Cet homme avait l'air bon. L'avenir me confirma qu'il l'était. Et à cet instant présent, il rayonnait comme elle d'un amour infini.
Noyé dans ces sensations d'adultes mal adaptées à mon cerveau d'enfant, je m'écartai de ma mère pour respirer. C'est là que je me rendis compte que je n'étais pas seul, dans cet embarras.
Derrière les jambes de l'homme qui allait devenir mon père, je vis apparaître une tête brune.
Un peu plus grand que moi, et sensiblement plus âgé. Un an ou deux de plus, peut-être. De grands yeux noirs me fixaient avec intensité. Des milliers de questions fourmillaient dans les iris expressives. Intelligentes. Que vit-il en me contemplant ainsi. Je voulus pas savoir ce qu'il lisait en moi.

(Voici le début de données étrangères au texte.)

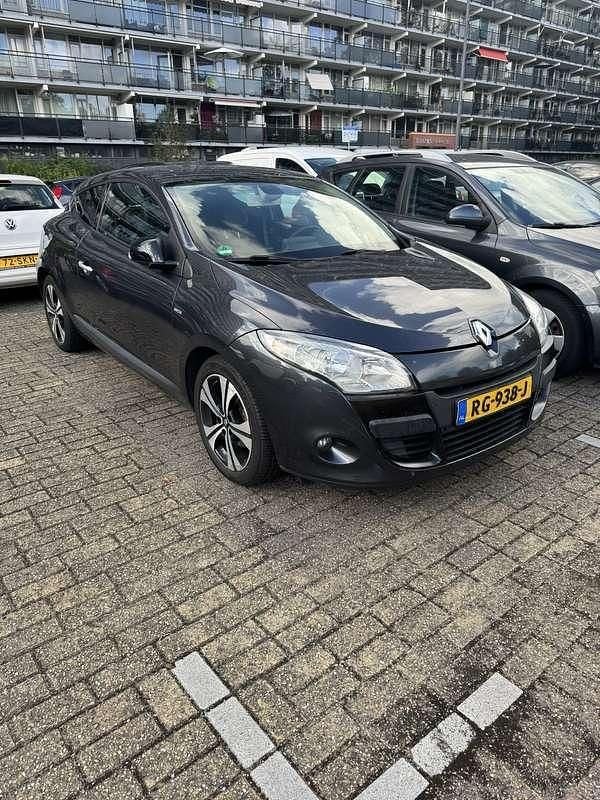 Gebruikt 2011 Renault Mégane Coupé Bose Edition Coupé | € 1.750 (Super prijs) - Afbeelding 1/4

Un sourire, timide, monta sur ma joue. Instinctivement, j'avais eu envie que ce garçon soit mon ami. Il hésita un instant. Puis lui aussi sourit. Réflexe ou connivence, qui sait.
On nous envoya jouer ensemble. Je ne me fis pas prier. C'était la première fois que j'allais jouer chez un copain. Naturellement, avec l'insouciance des enfants de notre âge, avec ces cœurs battants à l'idée des rires et des aventures extraordinaires à venir, il attrapa ma main pour monter les escaliers jusqu'à sa chambre. La main fut étrangement chaude dans la mienne. Picotements inconnus. Ce n'était pas désagréable.
J'avais huit ans, le jour où je le rencontrai pour la première fois.